Research has shown community-led forest management has the greatest benefit for rainforests and the local population.
According to researchers from the Universities of Michigan and Illinois, participation from local communities in forest management increases the economic benefits and biodiversity of the forests.
After analysing forest practices at over 80 sites in East Africa and South Asia, the researchers demonstrate how local participation can improve the social and ecological benefits offered by forests.

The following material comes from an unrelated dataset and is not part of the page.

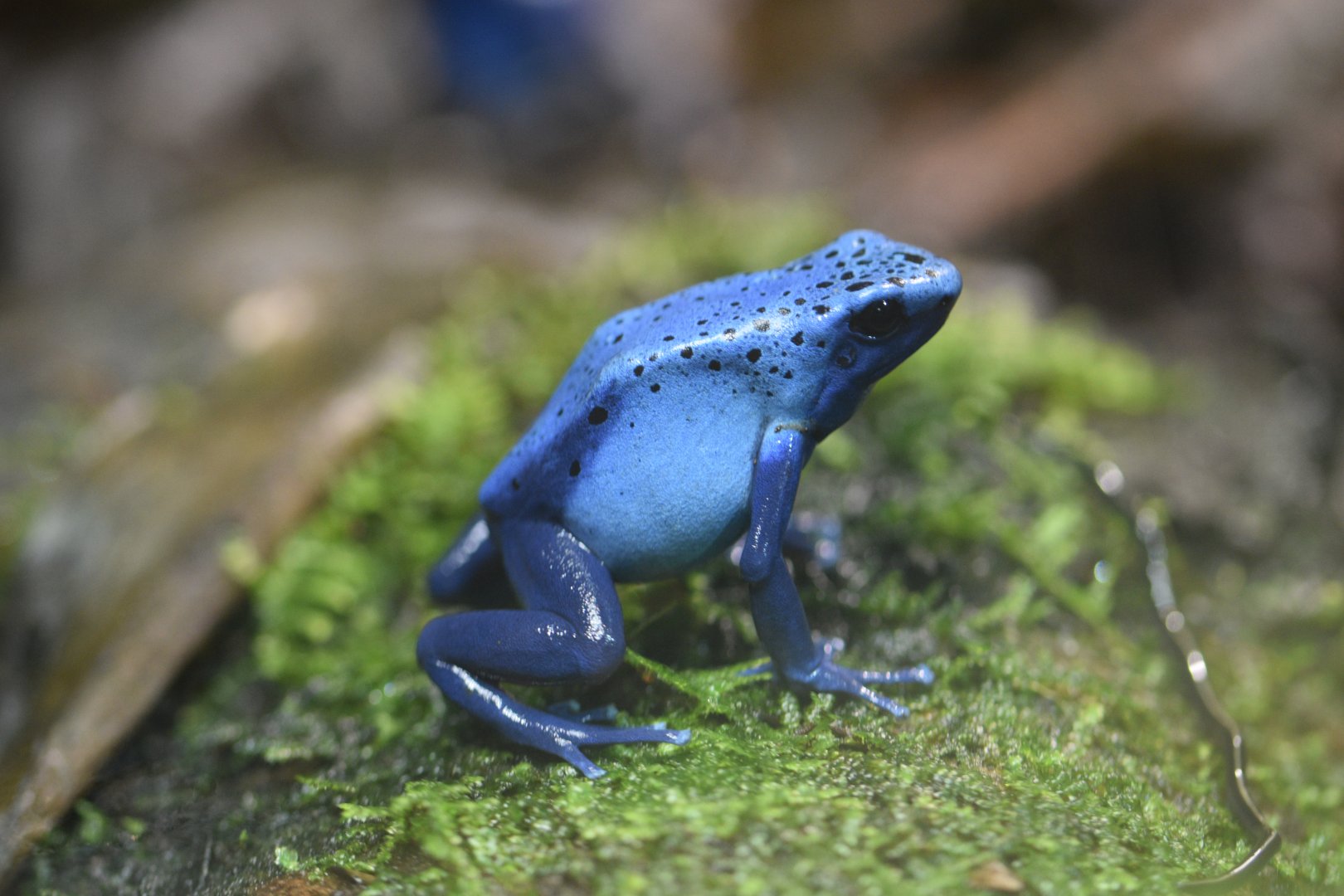 Blue poison dart frog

Rather than destroying rainforest, households can depend on them for subsistence, firewood, livestock fodder and house construction materials.

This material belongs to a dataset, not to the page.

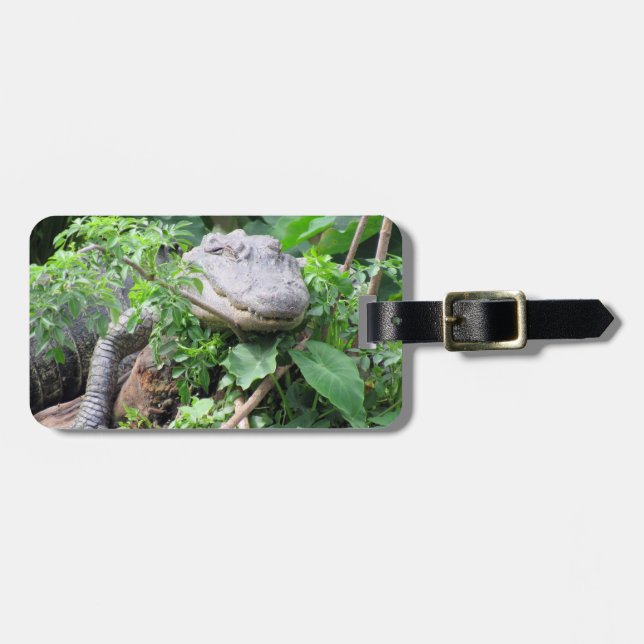 Etiqueta de equipaje personalizada - Gator cómodo (Frente Horizontal)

At the same time, higher biodiversity can be achieved when the resources are managed with a long term view in mind.
The study used found that in 27 percent of cases both biodiversity levels and livelihood dependence were above average, matching the criteria for sustainable forests. Furthermore, the analysis suggests that forests are significantly more likely to be sustainable when local users have a formally recognised right to decision-making about forest management.
“This is one of the first studies to look closely at real life case-studies where communities demonstrate sustainable practices in forest management,” says Matthew Owen, Director of rainforest conservation charity Cool Earth. “It’s good to see that the evidence backs up what Cool Earth have always proposed – given the rights and opportunity to manage their own forests, most forest-dwelling communities will do a better job than outsiders.”
“This report confirms that Cool Earth’s strategy of working hand-in-hand with indigenous forest communities is the best way forward,” concludes Owen.